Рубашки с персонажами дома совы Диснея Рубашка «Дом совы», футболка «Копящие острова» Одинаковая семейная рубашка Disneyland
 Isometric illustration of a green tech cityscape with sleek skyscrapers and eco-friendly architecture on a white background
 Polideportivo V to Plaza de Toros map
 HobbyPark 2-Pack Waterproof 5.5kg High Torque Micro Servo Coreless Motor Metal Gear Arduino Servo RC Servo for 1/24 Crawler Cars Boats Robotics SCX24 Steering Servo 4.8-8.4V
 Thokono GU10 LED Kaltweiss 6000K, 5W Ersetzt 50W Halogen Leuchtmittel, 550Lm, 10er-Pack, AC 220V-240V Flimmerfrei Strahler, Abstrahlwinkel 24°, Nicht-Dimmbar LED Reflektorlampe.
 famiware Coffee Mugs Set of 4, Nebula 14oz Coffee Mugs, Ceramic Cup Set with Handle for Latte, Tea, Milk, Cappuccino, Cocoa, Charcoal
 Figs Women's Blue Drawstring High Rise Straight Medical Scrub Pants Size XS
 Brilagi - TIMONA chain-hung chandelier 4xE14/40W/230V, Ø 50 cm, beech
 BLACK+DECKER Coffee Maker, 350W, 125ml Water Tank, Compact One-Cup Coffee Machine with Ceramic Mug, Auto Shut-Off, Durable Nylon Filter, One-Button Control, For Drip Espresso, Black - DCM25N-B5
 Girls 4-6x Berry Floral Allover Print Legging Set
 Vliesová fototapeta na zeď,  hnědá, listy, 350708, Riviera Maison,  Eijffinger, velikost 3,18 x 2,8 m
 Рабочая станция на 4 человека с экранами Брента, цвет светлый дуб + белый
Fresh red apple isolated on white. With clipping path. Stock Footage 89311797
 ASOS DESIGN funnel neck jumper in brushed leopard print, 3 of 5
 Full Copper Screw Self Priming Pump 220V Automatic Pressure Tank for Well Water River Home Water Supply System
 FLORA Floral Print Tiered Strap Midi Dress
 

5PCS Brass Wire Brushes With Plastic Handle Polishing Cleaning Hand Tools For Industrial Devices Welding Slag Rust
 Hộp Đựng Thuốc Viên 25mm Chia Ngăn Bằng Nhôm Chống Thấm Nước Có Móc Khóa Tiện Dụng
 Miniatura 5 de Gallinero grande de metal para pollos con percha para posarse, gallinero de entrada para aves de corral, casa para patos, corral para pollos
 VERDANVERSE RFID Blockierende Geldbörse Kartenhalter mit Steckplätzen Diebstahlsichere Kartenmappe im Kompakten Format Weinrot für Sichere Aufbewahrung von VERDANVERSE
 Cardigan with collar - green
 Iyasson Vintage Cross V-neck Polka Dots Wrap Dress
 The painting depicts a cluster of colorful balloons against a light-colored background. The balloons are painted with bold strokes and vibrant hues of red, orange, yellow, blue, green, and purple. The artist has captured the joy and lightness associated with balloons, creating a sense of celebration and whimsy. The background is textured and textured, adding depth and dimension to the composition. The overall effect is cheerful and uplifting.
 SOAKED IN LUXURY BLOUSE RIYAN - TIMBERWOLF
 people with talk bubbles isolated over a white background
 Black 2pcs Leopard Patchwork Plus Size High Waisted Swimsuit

▬▬▬

How to complete this task: Copy each line above that contains the word "Tank".

Answer space:
 BLACK+DECKER Coffee Maker, 350W, 125ml Water Tank, Compact One-Cup Coffee Machine with Ceramic Mug, Auto Shut-Off, Durable Nylon Filter, One-Button Control, For Drip Espresso, Black - DCM25N-B5
 Full Copper Screw Self Priming Pump 220V Automatic Pressure Tank for Well Water River Home Water Supply System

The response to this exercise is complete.